Case ID: tex-civ-app_56/html/0179-01.html
Source: Caselaw Access Project
Author: {"author": "SPEEB, Associate Justice.\n    ", "license": "Public Domain", "url": "https://static.case.law/"}
Date Created: 2024-08-24T03:29:51.129683

J. E. Hayworth, Adm’r, v. Margreth Williams et al.
    Decided May 25, 1909.
    1. —Appeal—Rendition of Judgment—Practice.
    When the judgment of the trial court is reversed the Court of Civil Appeals should not render judgment, although it may have power to do so, when the case must be retried upon a different theory in accordance with the opinion of the appellate court, and may therefore not have been fully developed on the first trial.
    2. —Certifying Question—Practice.
    Simply because additional authorities are cited which make it possible that the Supreme Court would have ruled differently on a question certified to them if their attention had been called to the authorities, is not a sufficient reason for certifying the same question a second time to said court.
    
      Stuart & Bell, for appellant.
    
      Potter, Gulp & Biddings and Green & Blanton, for appellee.
   SPEEB, Associate Justice.

Opinion on appellant’s motion for rehearing of his motion for rendition of judgment.—We are asked by appellant to reconsider our judgment heretofore rendered overruling his motion for rendition of judgment,- wherein he agrees that judgment for one-half the land in controversy may be rendered in favor of appellee Margreth Williams, and to limit the issues upon another trial to that of partition according to the rights of the respective parties as indicated in the opinion of the Supreme Court on certified question. (102 Texas, 308.) But, while it may be true we have the power to affirm the judgment as to the issue of the validity of the marriage between appellee Margreth Williams and Thomas Jefferson, deceased, and as to the issue of the legitimacy of appellee Nettie Maloy, and to confine the inquiry on another trial to a determination of the one question of the extent of appellee’s contributions to the acquisition of the land in question, still we do not think there is any necessity for our exercising such <a power. The case on the former trial was not tried upon any such theory and no attempt whatever was made to show the extent of appellee’s contributions toward the purchase, and if her rights are finally to be determined in accordance with the Supreme Court opinion we can' not say that she will not be able to recover on another trial even more than the one-half which appellant now agrees may be awarded to her by the judgment of this court.

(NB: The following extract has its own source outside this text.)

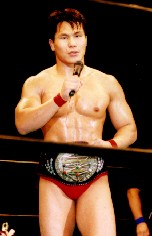 �c���̃}�C�N�A�s�[��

As an original proposition we were inclined to hold, as indicated in our opinion and in our certificate to the Supreme Court, that appellee would be entitled to one-half the land in controversy upon the reasoning there stated, but the Supreme Court has held that her recovery should be limited to a share in the land in the proportion that her labor contributed in producing the purchase money, and it is along this line the case must now be decided. We therefore overrule appellant’s motion for a reconsideration.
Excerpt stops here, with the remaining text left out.